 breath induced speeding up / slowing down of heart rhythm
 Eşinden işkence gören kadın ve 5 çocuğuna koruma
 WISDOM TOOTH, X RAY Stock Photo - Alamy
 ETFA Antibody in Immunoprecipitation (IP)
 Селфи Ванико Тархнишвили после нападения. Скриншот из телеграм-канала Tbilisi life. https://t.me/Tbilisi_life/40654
◆ ◆ ◆ ◆ ◆ ◆ ◆
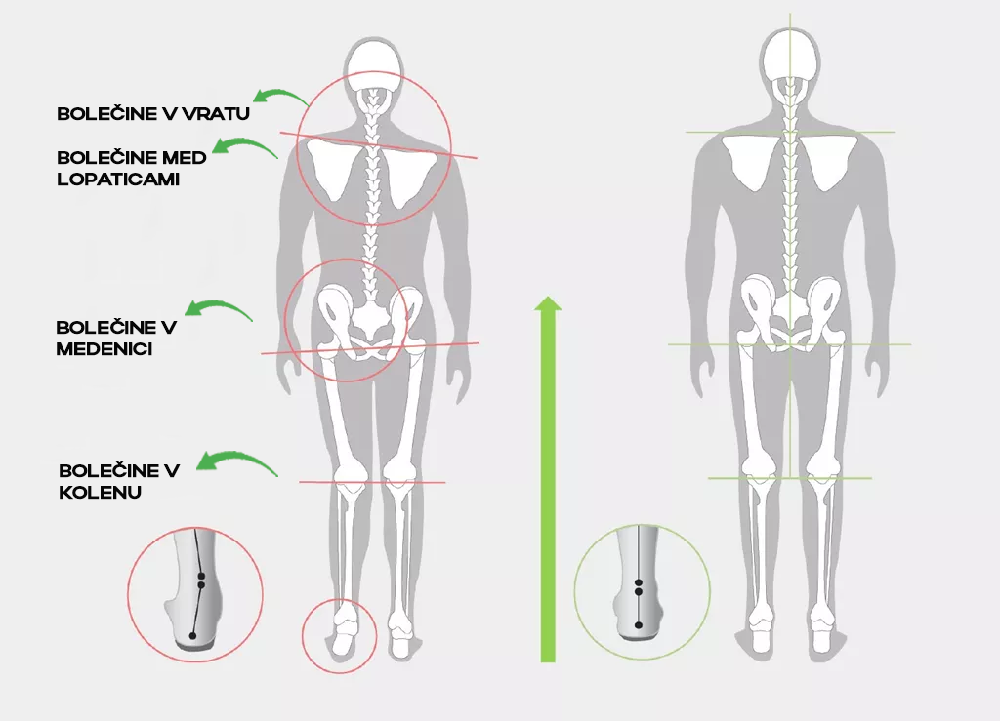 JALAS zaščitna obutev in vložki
◆ ◆ ◆ ◆ ◆ ◆ ◆
◆ **Prompt**: After locating the line holding "breath induced speeding" above, output exactly that line and every line after it through the line holding "Селфи Ванико Тархнишвили". Include nothing else.

◆ **The completed task**:
 breath induced speeding up / slowing down of heart rhythm
 Eşinden işkence gören kadın ve 5 çocuğuna koruma
 WISDOM TOOTH, X RAY Stock Photo - Alamy
 ETFA Antibody in Immunoprecipitation (IP)
 Селфи Ванико Тархнишвили после нападения. Скриншот из телеграм-канала Tbilisi life. https://t.me/Tbilisi_life/40654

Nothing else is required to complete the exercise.